5 Fotoğraf ile Pakistan Sufi Festivali

    Bu yazıyı okuyup da gitmek isteyenlere tavsiyem Sufi (Işık) festivalinin güncel tehlikelerini de araştırmaları. Bu festival Pakistan’daki aşırı dincilerin hedefinde olan bir etkinlik. Ben bu yıl denk gelmedim ama geçmiş yıllarda çok sayıda intihar eylemcisinin buraları savaş alanına döndürdüğünü biliyorum. Türkiye’ye döndükten sadece bir hafta sonra aynı yerde çok sayıda insan bombalı araçla öldürüldü maalesef.

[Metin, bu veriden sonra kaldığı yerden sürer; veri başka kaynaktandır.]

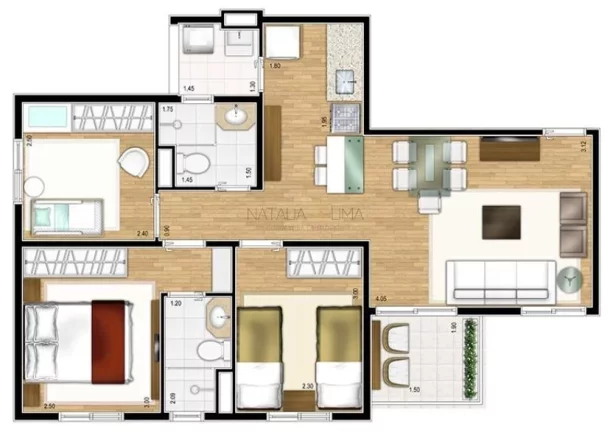 Imagem APARTAMENTO 3 DORM. C/ SUÍTE NA VILA ANDRADE!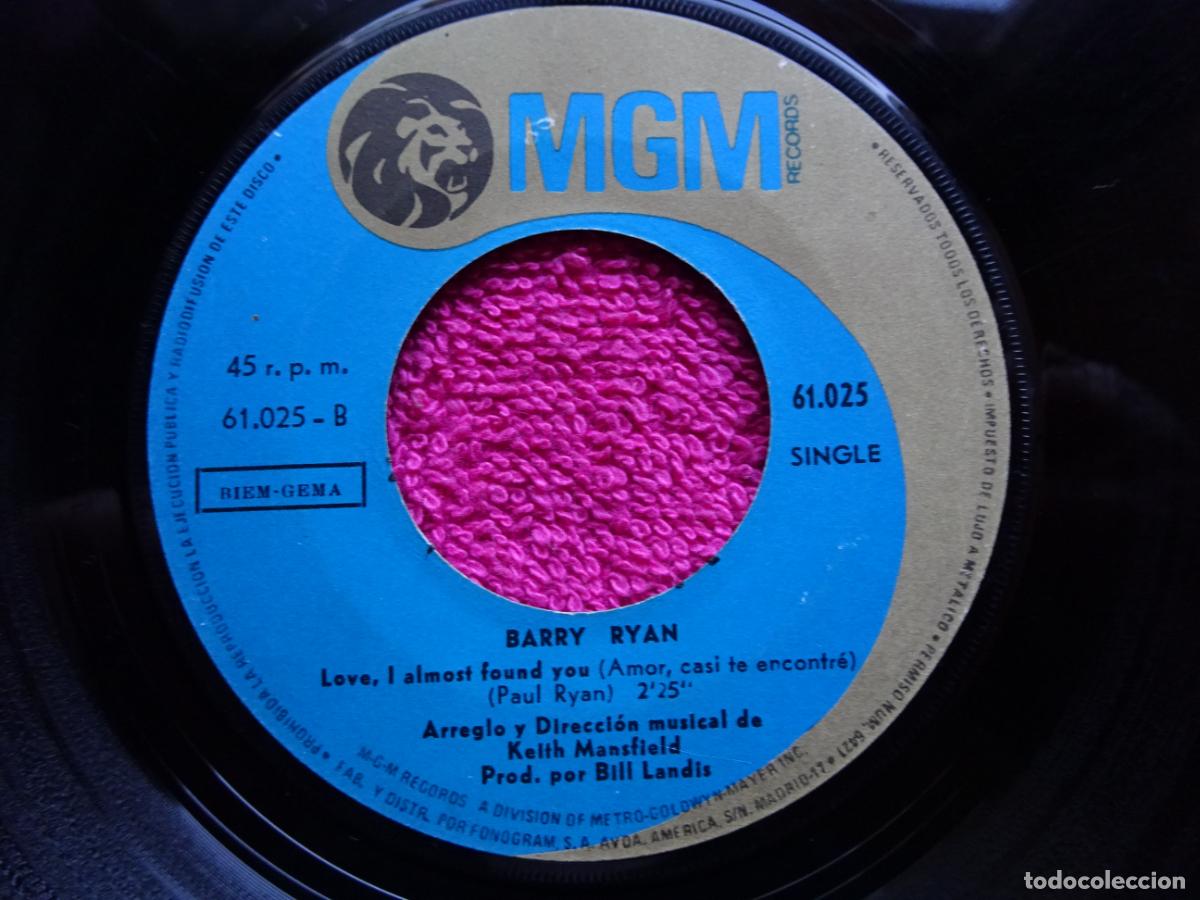 Discos de vinilo: barry ryan eloise 1968 mgm 61025 - Foto 4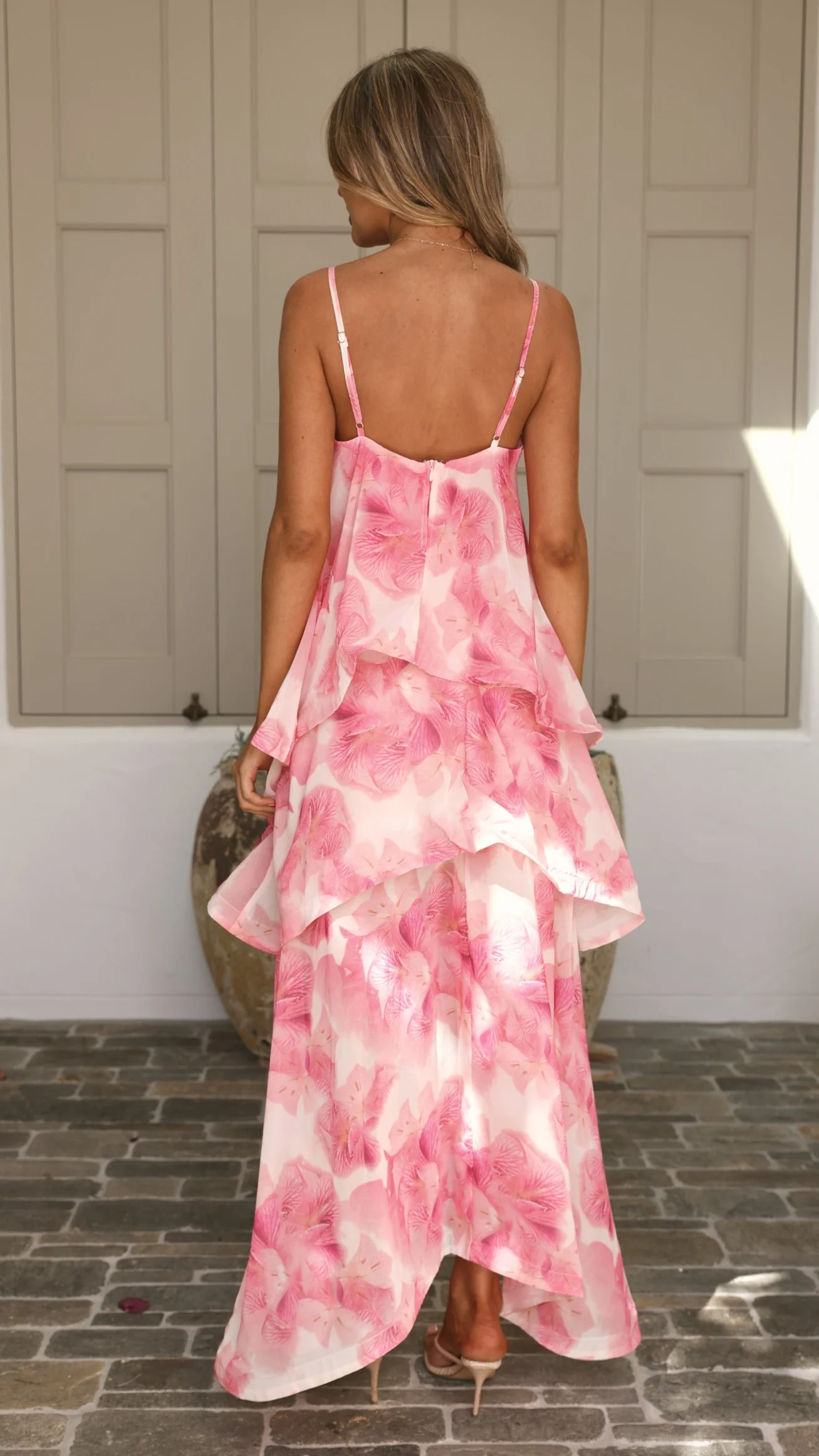 Oaklee Maxi Dress - Pink Floral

    Uzun süredir araştırdığım, hayalini kurduğum Pakistan sufi festivaline gitmeye karar verdiğimde her zamanki gibi “gitme, yapma, aklını mı kaçırdın” lafları daha bir kamçıladı beni. Daha önceki senelerde de birçok kere Ağrı ve İran üzerinden Hindistan seyahatleri yapmamın rahatlığı ve tecrübesi bu yolculukta karşılaştığım tehlikelerde ve olumsuz durumlarda hiç yardımcı olmadı. Demek ki her seyahatin farklı deneyimleri oluyor. Türkiye’den İran’a geçip Pakistan sınırına kadar sorun yoktu. Anladınız herhalde, karayolu ile gidiyorum. Bu zaten başlı başına her saniyesinde bir olay yaşanabilecek süreç. Ancak asıl sorun İran sınır kapısından Pakistan’a girdiğimde sınır polisinin beni diğer yolcuların arasından çıkarıp ayrı bir bölmeye girmemi istemesiyle başladı. Yeşil Pasaportum var ve Pakistan yeşil pasaporta vize istemiyor. Ben rahatım. Polis belki de hayatında ilk defa karşılaştığı bu olayla beni sınırdan içeri almıyor. Öyle ya, herkes karayoluyla Türkiye’ye kaçmaya çalışırken bir Türk Pakistan’a karayolu ile girmek istiyor. Neymiş? Fotoğraf çekecekmiş. Sufi festivaline gelmişmiş… Normal bir şey değil. Ve eliyle İran’ı işaret ederek “Yallah” İran’a geri dönmemi istiyor. Ben ısrarla olmayan İngilizcemle polisin olmayan İngilizcesine laf anlatmaya çalışıyorum. Tıkanıp kaldık.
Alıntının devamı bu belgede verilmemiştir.